The student must complete all degree requirements within five years of initial enrollment.
Doctor of Philosophy in Urban Studies
An applicant must meet Graduate School requirements, hold a master's degree or the equivalent in a social science or a related field, and meet the criteria established by the Urban Studies Programs Faculty to be considered for admission:
- Three letters of recommendation from persons familiar with the applicant's academic work. Recommendation forms may be obtained from the Urban Studies Programs office.
- A sample of the applicant's written work that demonstrates the applicant's ability to conduct independent social science research and/or the ability to critically analyze the work of others.

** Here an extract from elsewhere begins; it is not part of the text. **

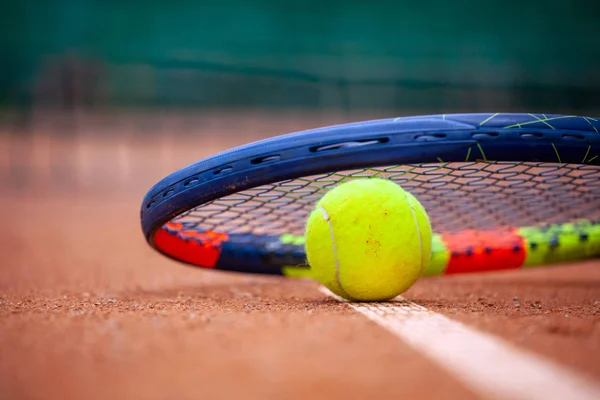 Yellow tennis ball and racket lie on the clay court.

- A letter of intent outlining the applicant's reasons for graduate study.
- GRE scores.
- A response to a question that elucidates the applicant's reasons for taking up the academic study of urban affairs and describes her/his intellectual ambitions in the field.
Course of Study
Minimum degree requirement is 33 credits beyond the master's degree; these credits include core courses, a methodological specialization, a topical specialization, and a dissertation. At least 27 credits must be earned in UWM courses while in the doctoral program. Credits for the methodological specialization and the topical specialization combined must total at least 15 credits, with 6 credits from one area and 9 from the other. Students will decide, in consultation with their advisor, whether to focus more on methods or on topics. In consultation with their major professor and the program director, students must develop a plan of study, which should be filed in the USP office by the end of the second semester of enrollment.
Core Courses (12 credits)
All doctoral students must take a required set of four core courses as follows. Qualified students may be exempted from the quantitative competency/statistics course, but they must take an additional three credits of electives in methodological or topical tracks. Unless otherwise indicated, courses are 3 credits.

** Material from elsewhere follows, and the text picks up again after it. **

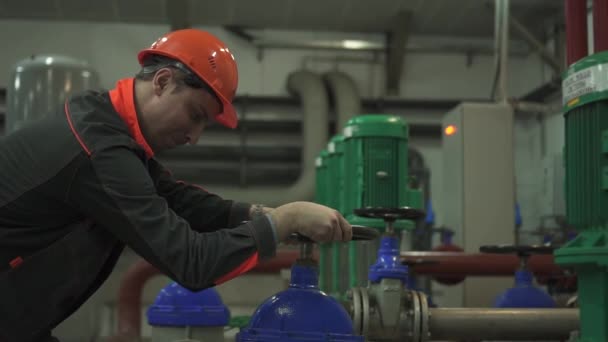 Un joven ingeniero está en una sala técnica. en la fábrica — Vídeos de Stock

- Urb Std 921 Seminar: Research Methods in Urban Studies
- Urb Std 984 Research Design for Urban Studies
- Urb Std 981 Perspectives Toward Change in Urban Social Institutions (name change to “Argument in Urban Studies Scholarship” pending)
or Urb Std 983 Contemporary Urban Social Structure and Change
- Geog 547 Spatial Analysis, 4 cr
or Hist 595 The Quantitative Analysis of Historical Data
or Sociol 760 Advanced Statistical Methods in Sociology
Methodological Specialization (6-9 credits)
Students must declare one specialization from the following list and take two to three courses, for a total of 6 to 9credits. Credits taken in the methodological specialization and the topical specialization combined must total at least 15 credits.
- Statistical Analysis/Quantitative Research Design (2 course minimum)
A methodological specialization in statistical analysis requires Sociol/Urb Std 982 Advanced Quantitative Analysis and at least one additional statistical/quantitative course beyond the core competency. This course, selected in consultation with the student’s advisor, should support research objectives and dissertation goals. See the Graduate Program Director for a list of qualifying courses.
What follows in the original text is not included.